**PROBLEM TO WORK ON**
Every line of the listing below from the one with "Person opening cabinet" up to and including the one with "Scalloped Serenity Rattan" should be retyped exactly, and nothing else; pictures are not part of the copy.

**INFORMATION SUPPLIED**
·····
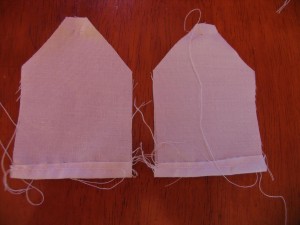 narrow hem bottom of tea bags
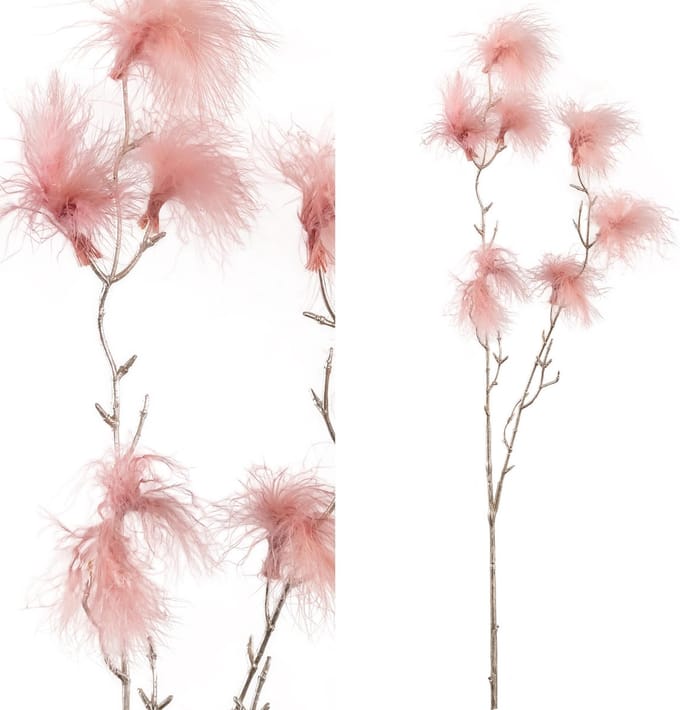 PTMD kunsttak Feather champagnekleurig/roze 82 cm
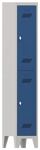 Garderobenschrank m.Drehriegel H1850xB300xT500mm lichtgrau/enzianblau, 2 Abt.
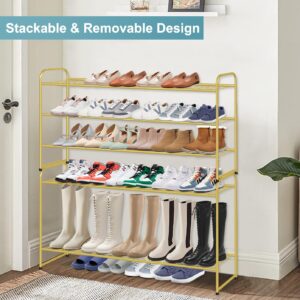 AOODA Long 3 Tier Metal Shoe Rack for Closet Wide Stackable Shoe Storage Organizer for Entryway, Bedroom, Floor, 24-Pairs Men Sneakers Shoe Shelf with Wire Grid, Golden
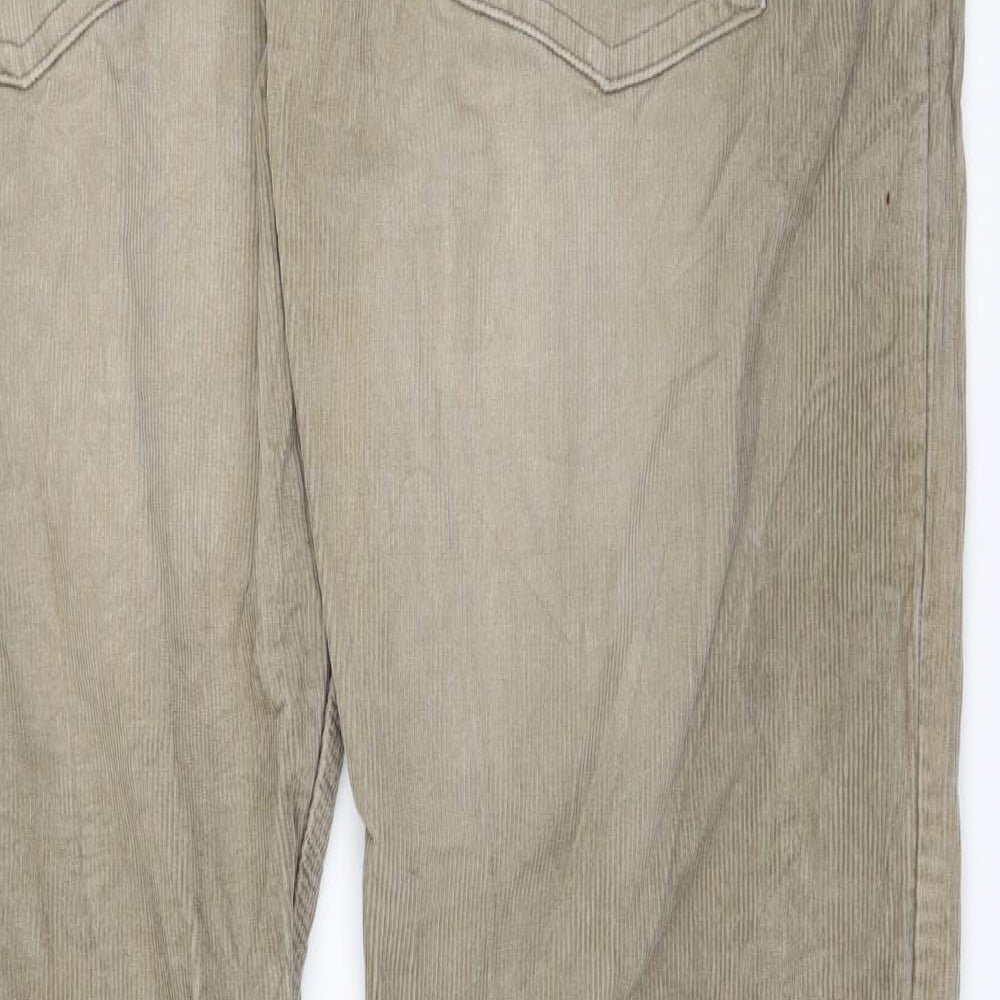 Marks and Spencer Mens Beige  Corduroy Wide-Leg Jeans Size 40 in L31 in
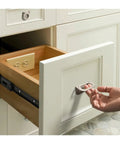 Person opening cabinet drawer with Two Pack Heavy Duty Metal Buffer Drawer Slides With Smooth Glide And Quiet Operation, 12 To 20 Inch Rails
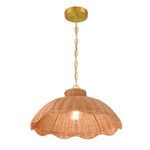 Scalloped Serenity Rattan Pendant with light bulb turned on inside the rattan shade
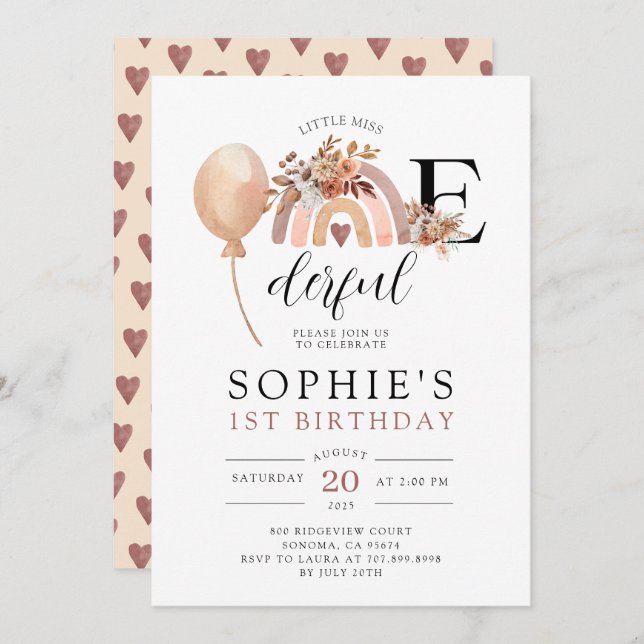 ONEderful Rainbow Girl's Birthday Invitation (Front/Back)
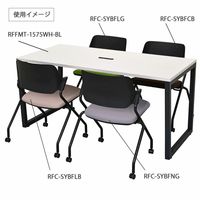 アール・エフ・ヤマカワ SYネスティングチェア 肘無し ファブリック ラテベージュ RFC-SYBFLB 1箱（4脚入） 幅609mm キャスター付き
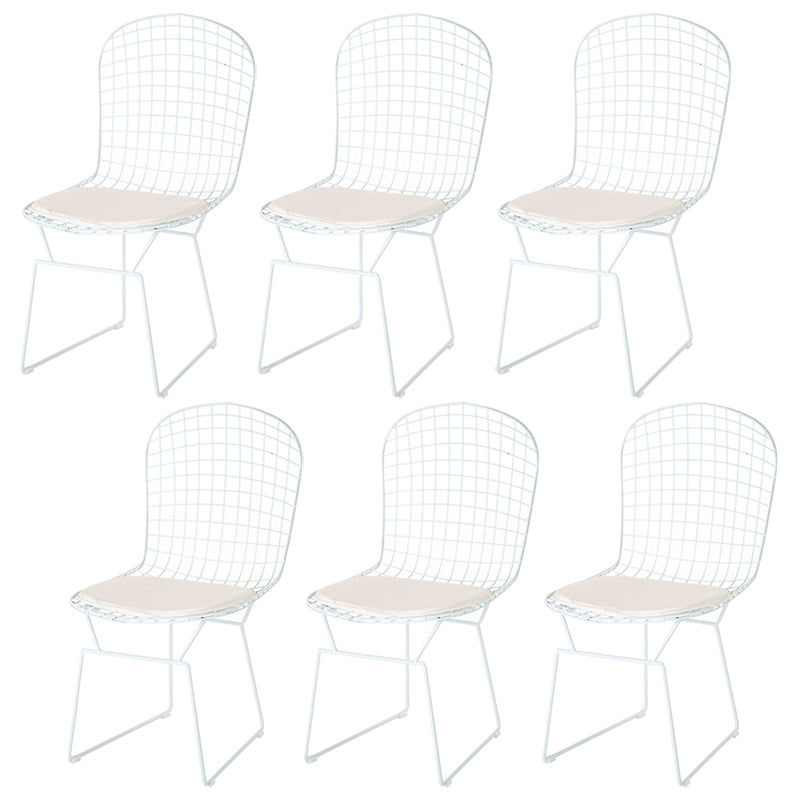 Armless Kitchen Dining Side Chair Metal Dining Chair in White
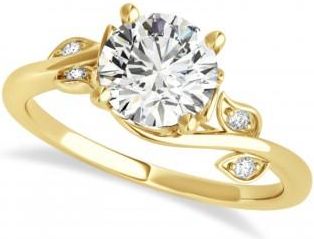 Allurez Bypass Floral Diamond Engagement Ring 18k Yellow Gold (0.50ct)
·····
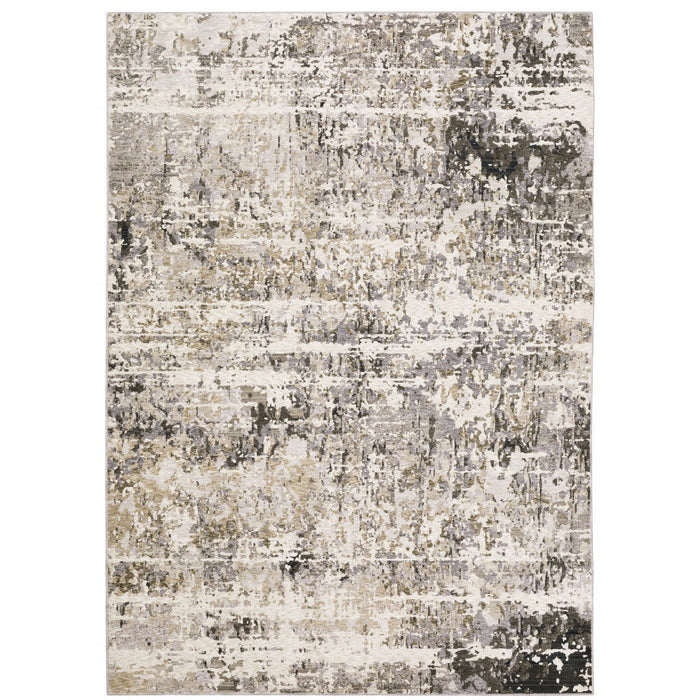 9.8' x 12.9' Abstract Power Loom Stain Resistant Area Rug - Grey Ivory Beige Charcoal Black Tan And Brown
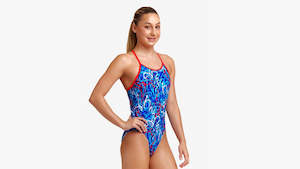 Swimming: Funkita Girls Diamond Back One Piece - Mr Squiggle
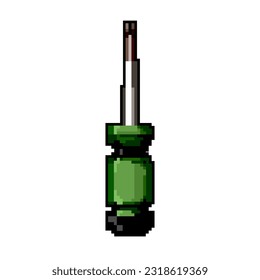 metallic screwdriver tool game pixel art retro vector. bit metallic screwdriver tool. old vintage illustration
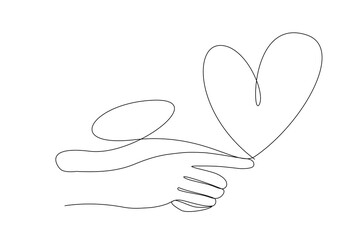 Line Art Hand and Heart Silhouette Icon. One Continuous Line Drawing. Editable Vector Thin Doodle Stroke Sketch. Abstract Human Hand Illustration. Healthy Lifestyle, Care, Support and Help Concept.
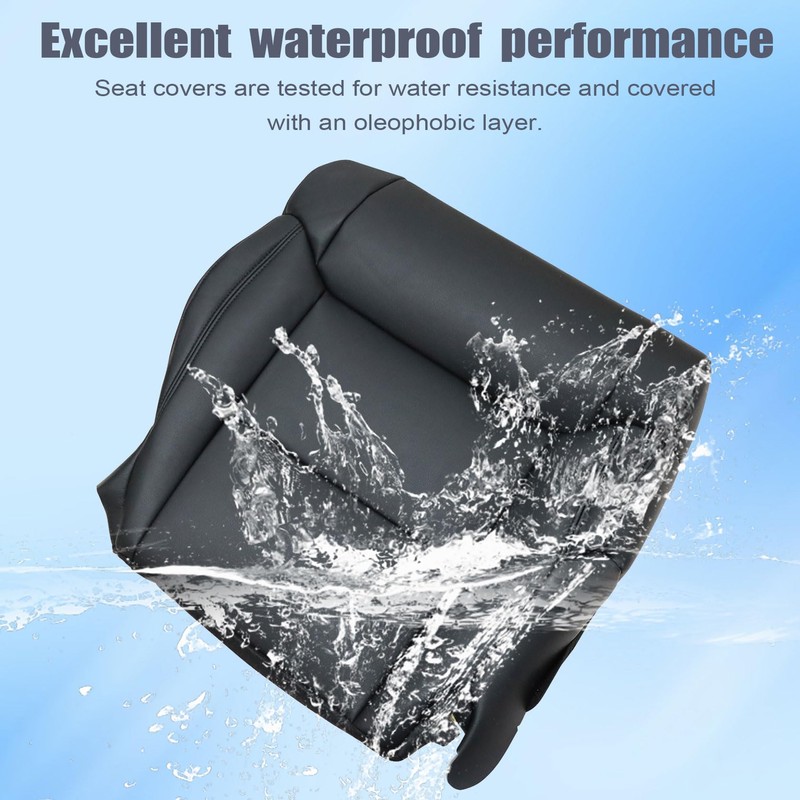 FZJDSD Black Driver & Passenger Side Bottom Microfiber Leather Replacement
·····
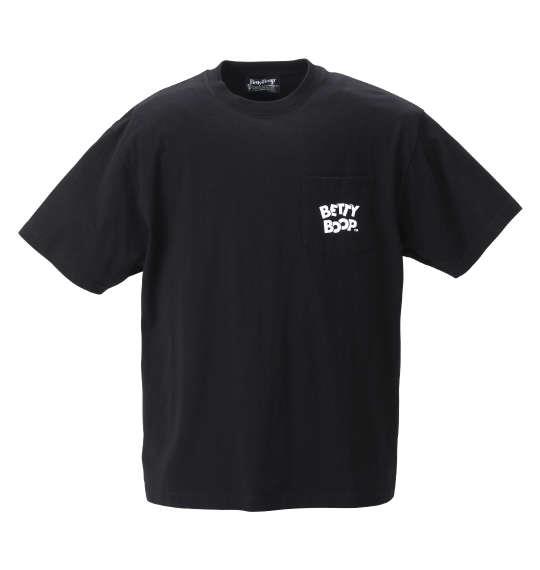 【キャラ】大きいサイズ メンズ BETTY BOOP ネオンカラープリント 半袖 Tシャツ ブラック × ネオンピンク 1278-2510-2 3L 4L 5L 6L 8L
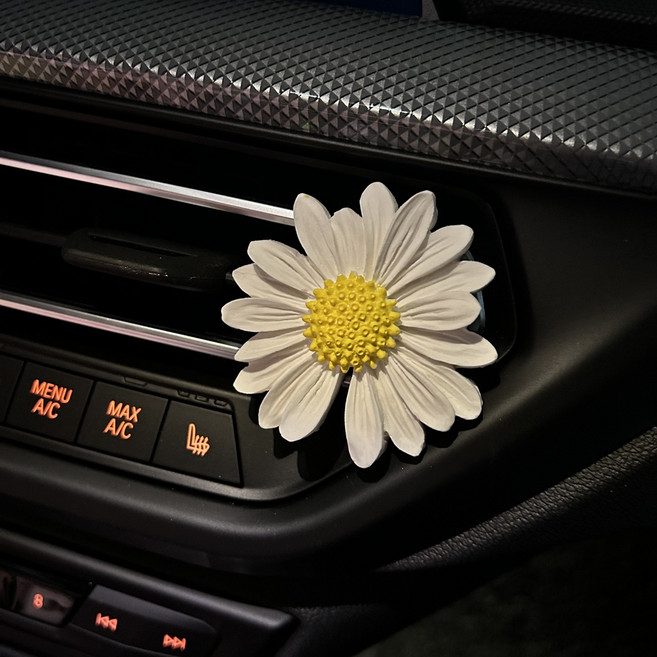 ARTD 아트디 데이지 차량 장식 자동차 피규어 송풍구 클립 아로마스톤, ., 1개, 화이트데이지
·····
**ANSWER BOX**
 Person opening cabinet drawer with Two Pack Heavy Duty Metal Buffer Drawer Slides With Smooth Glide And Quiet Operation, 12 To 20 Inch Rails
 Scalloped Serenity Rattan Pendant with light bulb turned on inside the rattan shade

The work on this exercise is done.